- Directed by: Arthur Lubin
- Written by: Jefferson Parker John Grey
- Based on: Murder on the Mississippi by Fred MacIsaac
- Produced by: Val Paul Charles R. Rogers
- Starring: James Dunn Jean Rogers Andy Devine
- Cinematography: Milton R. Krasner
- Edited by: Bernard W. Burton
- Music by: Louis Forbes
- Production company: Universal Pictures
- Distributed by: Universal Pictures
- Release date: December 27, 1936;
- Running time: 61 minutes
- Country: United States
- Language: English

= Mysterious Crossing =

1936 film by Arthur Lubin

Mysterious Crossing is a 1936 American mystery film directed by Arthur Lubin and starring James Dunn, Jean Rogers and Andy Devine. It was produced and distributed by Universal Pictures.

==Plot==
A travelling newspaper reporter stumbles across the body of a dead man while on a boat crossing the Mississippi River at New Orleans.

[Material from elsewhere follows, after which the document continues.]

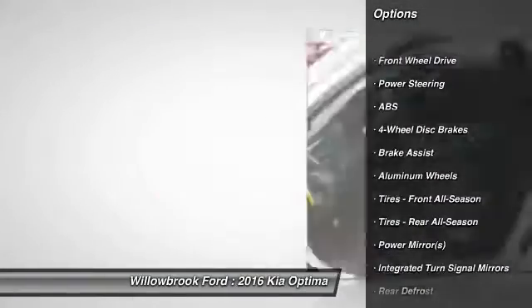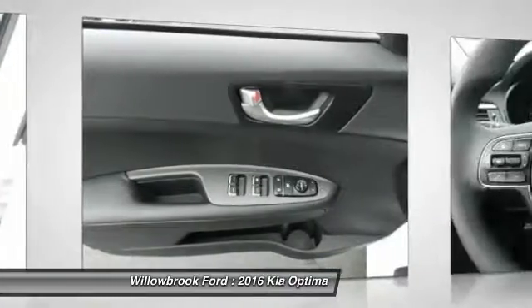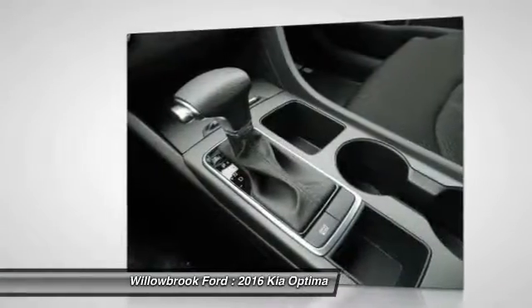Stability Control, Traction Control, Steering Wheel Audio Controls, Backup Camera, Anti-Lock Braking System, Bluetooth, Power Steering, Adjustable Steering Wheel, Driver Airbag.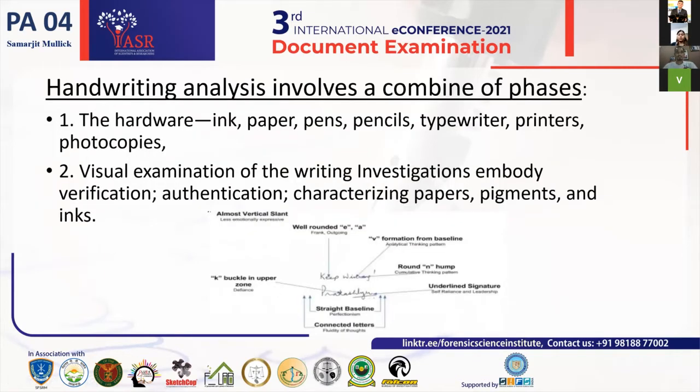Moving on, I will talk about the hardware, which includes the ink, the paper, the pencil, typewriters, printers, and photocopiers. As discussed by previous presenters and keynote speakers, ink, paper, and writing materials are important. From an investigator's point of view, we can verify the authenticity and characteristics of the paper used, or the pigment of the paper used in writing the document or in cases of forgery.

He takes a lead in the investigation of the murder, falling in love with the dead man's daughter.

==Cast==
- James Dunn as Addison Francis Murphy
- Jean Rogers as 	Yvonne Fontaine
- Andy Devine as Carolina
- Hobart Cavanaugh as 	Ned J. Stebbins
- John Eldredge as 	Paul Briand
- Herbert Rawlinson as 	District Attorney Henry R. Charters
- Lorin Raker as Wilson - Copy Writer
- J. Farrell MacDonald as 	Police Chief Bullock
- Clarence Muse as 	Lincoln
- Libby Taylor as 	Hattie
- Eddie 'Rochester' Anderson as Hotel Porter
- Edward Earle as Hotel Manager
- Alphonse Martell as Head Waiter
- Etta McDaniel as Cook
- Pat O'Malley as Sergeant
- Rhea Mitchell as Hotel Floor Clerk
- James Flavin as Plainclothesman

==Production==
It was originally called Murder on the Mississippi, which was the title of the Fred MacIsaac story on which it was based. Universal bought this in June 1936 as a vehicle for Boris Karloff. Filming started October 1936.

==Reception==
The New York Times said the film "may not be great art" but "it has a smoothness about it."